More than one-third of families report that they couldn't function without consumer electronics such as computers, televisions, cell phones and game consoles, according to a marketing survey by Memorex, a consumer electronics manufacturer. Data from the survey of 1,010 parents, conducted December 2010, also show that more families are incorporating electronic devices into family time activities -- which the survey called "WeTime" activities.
No surprise that 86 percent of families listed watching movies or TV shows together as their most common form of "WeTime." It is interesting, though, that 42 percent of families now play video games as a togetherness activity (with Wii Sports being the most popular family game).
It seems like video games used to be a barrier to family fun -- with kids locked to their games and parents occupied with their own activities.

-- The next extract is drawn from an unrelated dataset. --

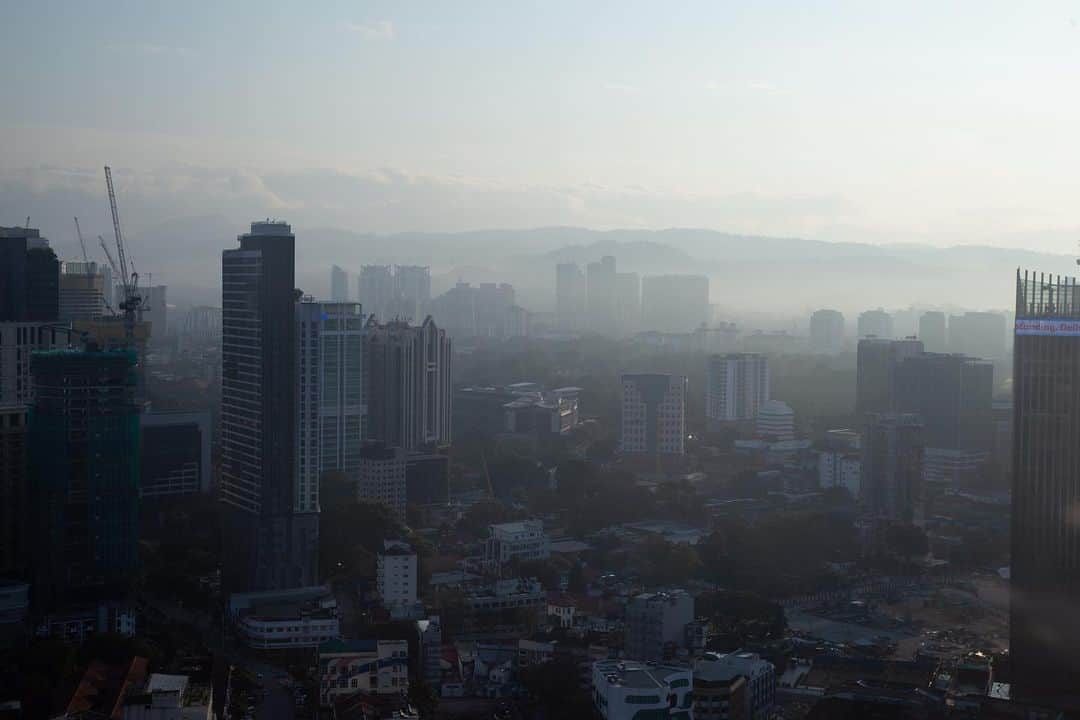 Shunsuke Miyatakeのインスタグラム：「Morning haze, Kuala Lumpur」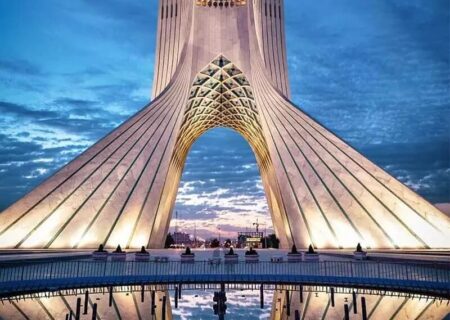 ایران با تکیه بر پشتوانه فرهنگی و اراده ملی از مسیر تمدنی خود باز نمی‌ماند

But now it appears that "family game night" is as likely to involve Mario Kart as it to involve Clue or Monopoly. What do you think of this trend? Are electronics more of a source of togetherness for your family or a source of division?
The survey also shows that kids might be competing more with their fathers for the game consoles: 39 percent of adults reported using video game consoles daily or multiple times per day. Two-thirds of these adult daily gamers were men. (In my case, whether you define me as a daily gamer depends on whether the Angry Birds app on my mobile phone is defined as a video game.)
Only 1 percent of surveyed parents called consumer electronics "an unwanted barrier between family members."